* **TASK DETAILS**
With pictures left out, output exactly the lines of the listing below from the line that has "帕特森与俱乐部足球运营主管戴" to the line that has "Imagem: A casa", both lines kept.

* **STORED DATA**
--*--

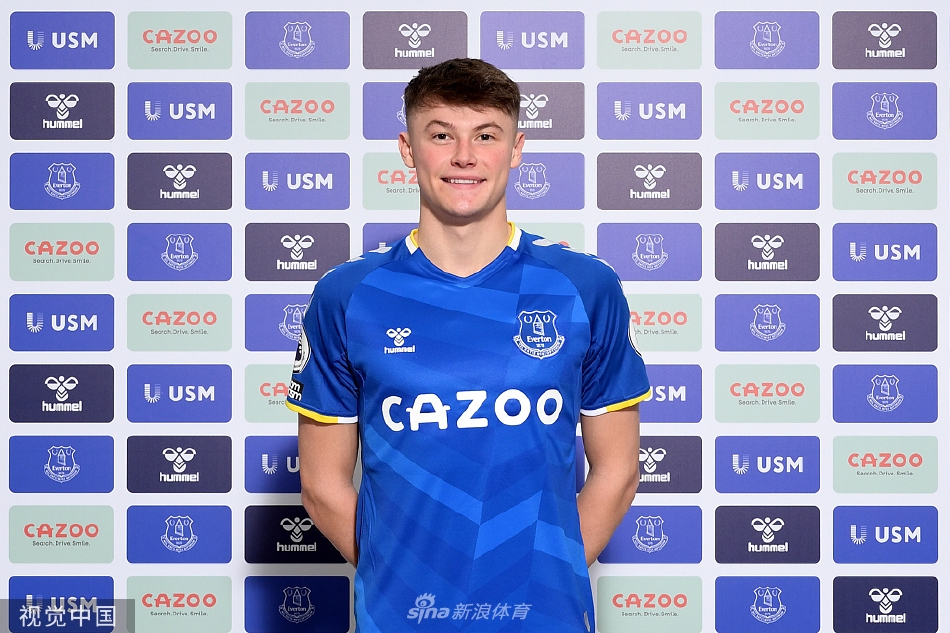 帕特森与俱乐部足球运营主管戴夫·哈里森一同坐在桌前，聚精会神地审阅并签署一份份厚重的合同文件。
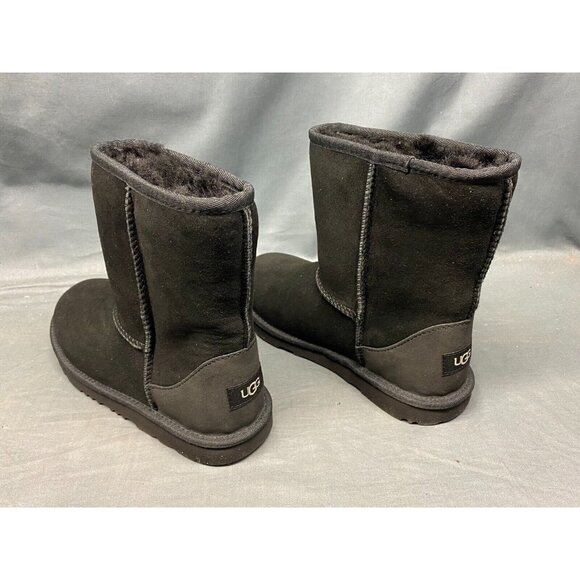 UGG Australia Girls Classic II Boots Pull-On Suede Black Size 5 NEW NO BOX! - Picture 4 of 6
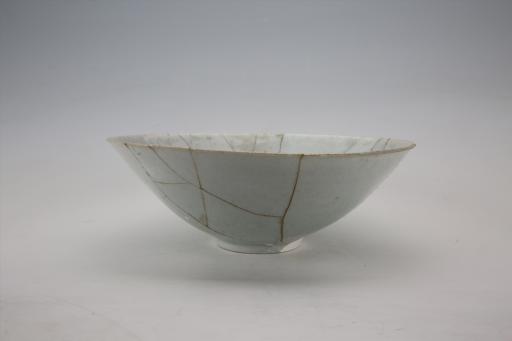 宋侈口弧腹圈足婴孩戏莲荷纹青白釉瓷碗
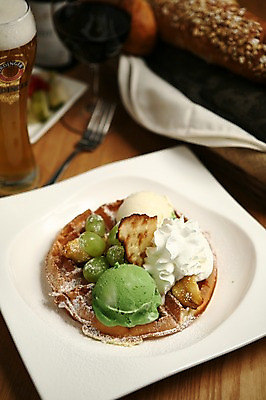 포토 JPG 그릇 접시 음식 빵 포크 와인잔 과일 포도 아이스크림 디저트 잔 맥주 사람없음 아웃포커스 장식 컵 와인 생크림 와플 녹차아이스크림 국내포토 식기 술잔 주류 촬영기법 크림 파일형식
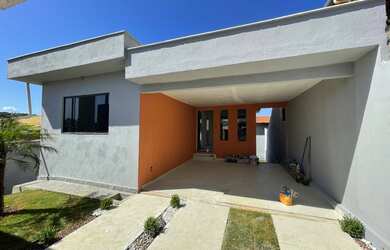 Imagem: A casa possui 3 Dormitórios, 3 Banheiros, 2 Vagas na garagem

--*--

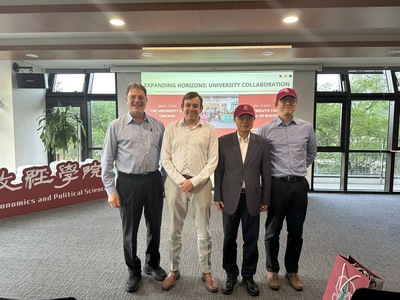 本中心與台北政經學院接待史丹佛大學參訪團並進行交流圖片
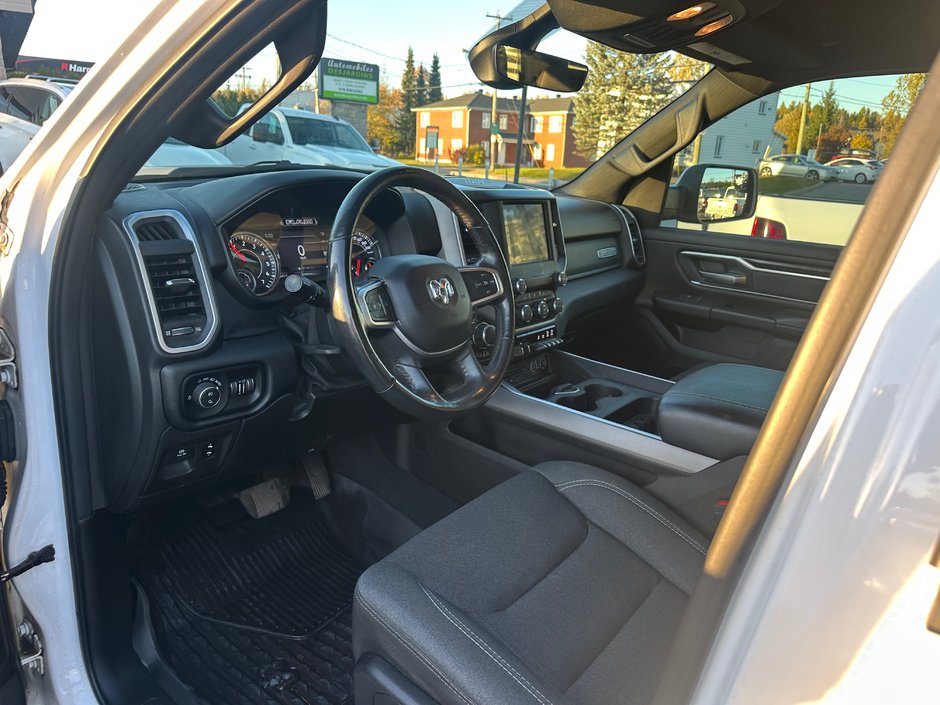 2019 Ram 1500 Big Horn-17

--*--

* **EXERCISE OUTPUT**
 帕特森与俱乐部足球运营主管戴夫·哈里森一同坐在桌前，聚精会神地审阅并签署一份份厚重的合同文件。
 UGG Australia Girls Classic II Boots Pull-On Suede Black Size 5 NEW NO BOX! - Picture 4 of 6
 宋侈口弧腹圈足婴孩戏莲荷纹青白釉瓷碗
 포토 JPG 그릇 접시 음식 빵 포크 와인잔 과일 포도 아이스크림 디저트 잔 맥주 사람없음 아웃포커스 장식 컵 와인 생크림 와플 녹차아이스크림 국내포토 식기 술잔 주류 촬영기법 크림 파일형식
 Imagem: A casa possui 3 Dormitórios, 3 Banheiros, 2 Vagas na garagem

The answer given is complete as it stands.